Segment Start: Input for this task
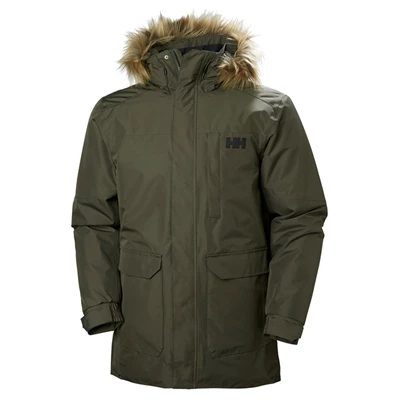 Helly Hansen Dubliner Casual Jakker Herre Grå | 06712RQSG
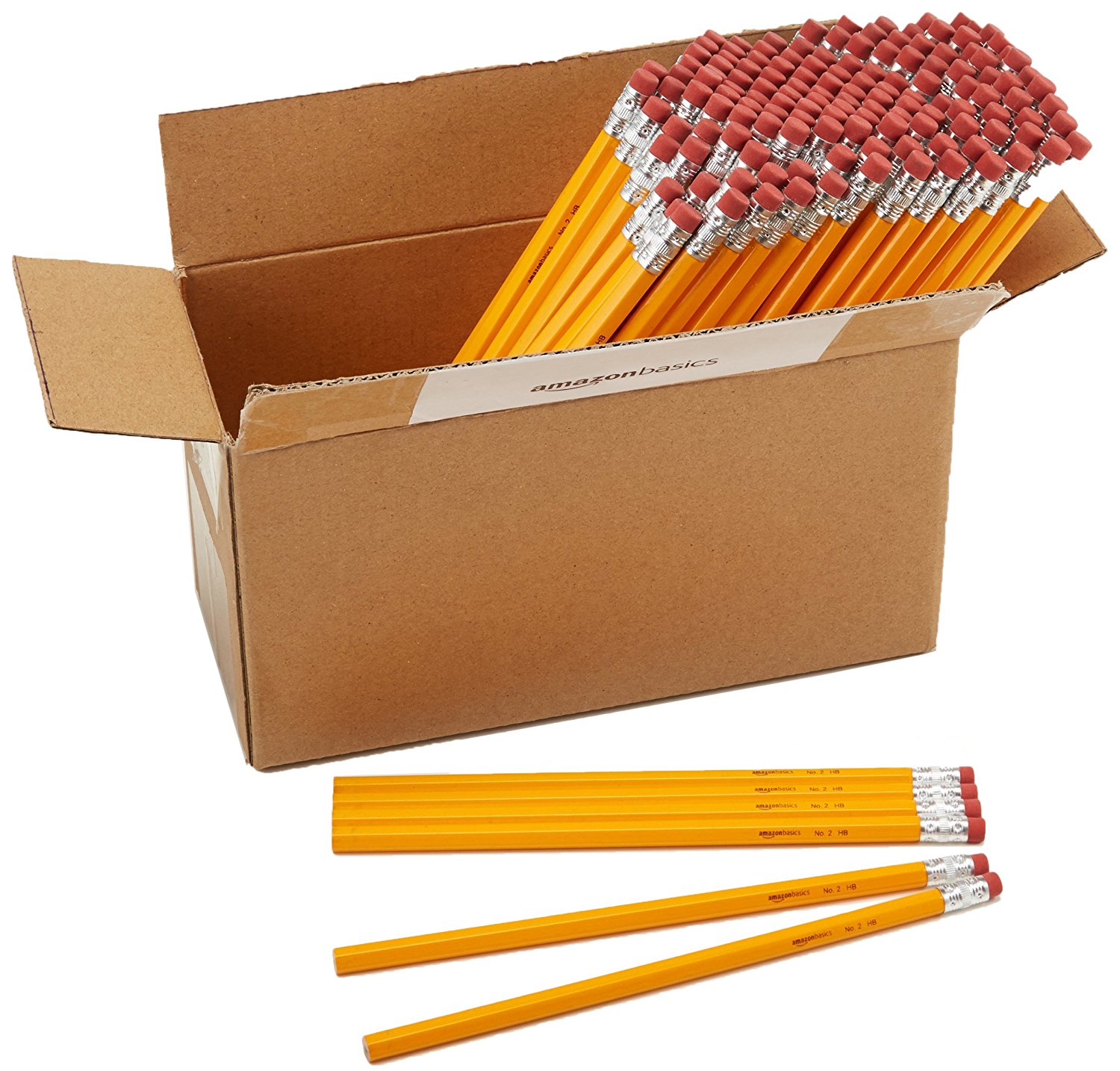 A box of 144 pencils. 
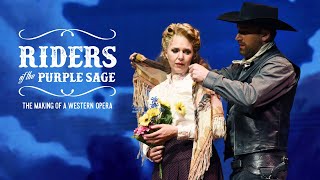 Riders of the Purple Sage_Official Trailer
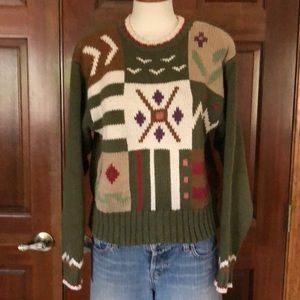 Lizwear Cotton Sweater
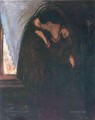 beso 1897 Edvard Munch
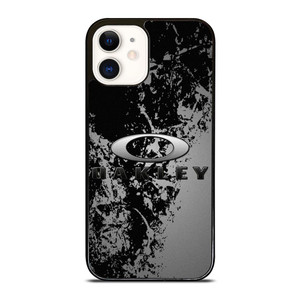 OAKLEY SUNGLASSES SPLASHED LOGO iPhone 12 Case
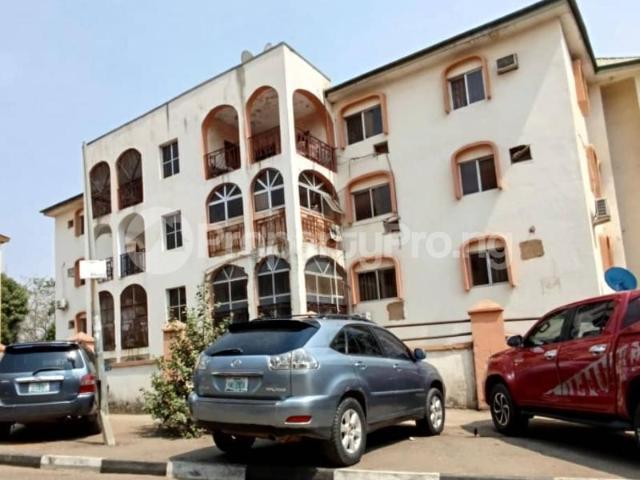 Buy Standard 8 Units Of 3 Bedroom Flat With 2 Bedroom Flat in Garki 1 Abuja 0MKTE | PropertyPro Nigeria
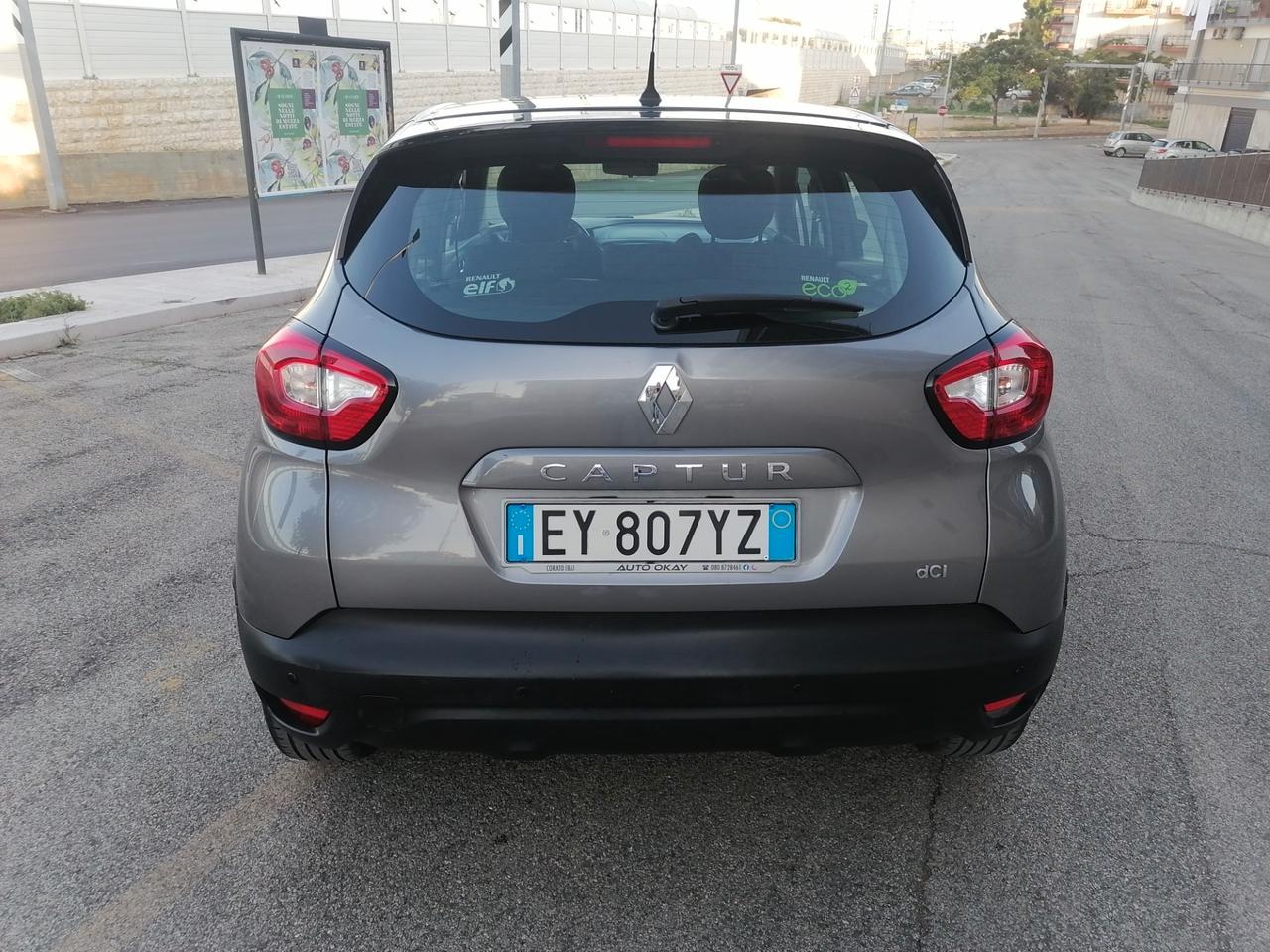 Renault Captur 1.5 dCi 8V 90 CV Start&Stop Energy R-Link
Segment End: Input for this task
Exercise brief
Please transcribe exactly the line containing "beso 1897 Edvard Munch" and every later line through the end of the records above, omitting pictures.

Worked solution
 beso 1897 Edvard Munch
 OAKLEY SUNGLASSES SPLASHED LOGO iPhone 12 Case
 Buy Standard 8 Units Of 3 Bedroom Flat With 2 Bedroom Flat in Garki 1 Abuja 0MKTE | PropertyPro Nigeria
 Renault Captur 1.5 dCi 8V 90 CV Start&Stop Energy R-Link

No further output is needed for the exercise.